Astrodynamics
Task 2 / 47
MannedLunarLanding
This benchmark targets soft-landing trajectory optimization for a crewed lunar lander under thrust limits, propellant use, and dynamical/path constraints. The goal is a feasible trajectory from orbit to terminal conditions that lands safely while saving fuel where possible.

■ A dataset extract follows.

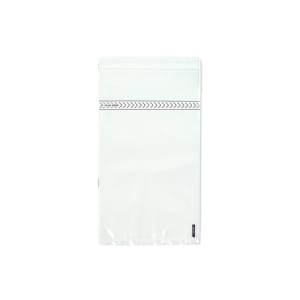 909-LABZ69 Lab-Loc® Specimen Bags - 6" x 9" - Clear, Unprinted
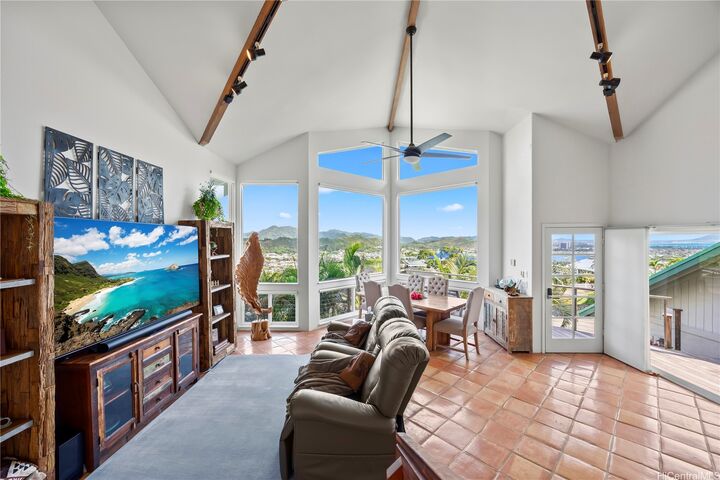 Property Photo: 1461 Aunauna Street HI 96734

Evaluation stresses nonlinear optimal control, constraint satisfaction, and terminal accuracy—typical of real astrodynamics optimization.
Model leaderboard
| # | Participant | Score |
|---|---|---|
| 1 | GLM-5 | 100.0 |
| 2 | GPT-5.4 | 92.1 |
| 3 | DeepSeek V3.2 | 66.4 |
| 4 | Claude Opus 4.6 | 64.1 |
| 5 | SEED 2.0 Pro | 6.9 |
| 6 | Gemini 3.1 Pro Preview | 4.3 |
| 7 | Grok 4.20 | 0.0 |
| 8 | Qwen3 Coder Next | 0.0 |
Framework leaderboard
| # | Participant | Score |
|---|---|---|
| 1 | GPT-OSS + ShinkaiEvolve | 100.0 |
| 2 | Claude Opus 4.6 + ABMCTS | 61.0 |
| 3 | Claude Opus 4.6 + OpenEvolve | 53.8 |
| 4 | GPT-OSS + OpenEvolve | 37.6 |
| 5 | Claude Opus 4.6 + ShinkaiEvolve | 34.7 |
| 6 | GPT-OSS + ABMCTS | 0.0 |
Score is the normalized score for this task (0–100, higher is better).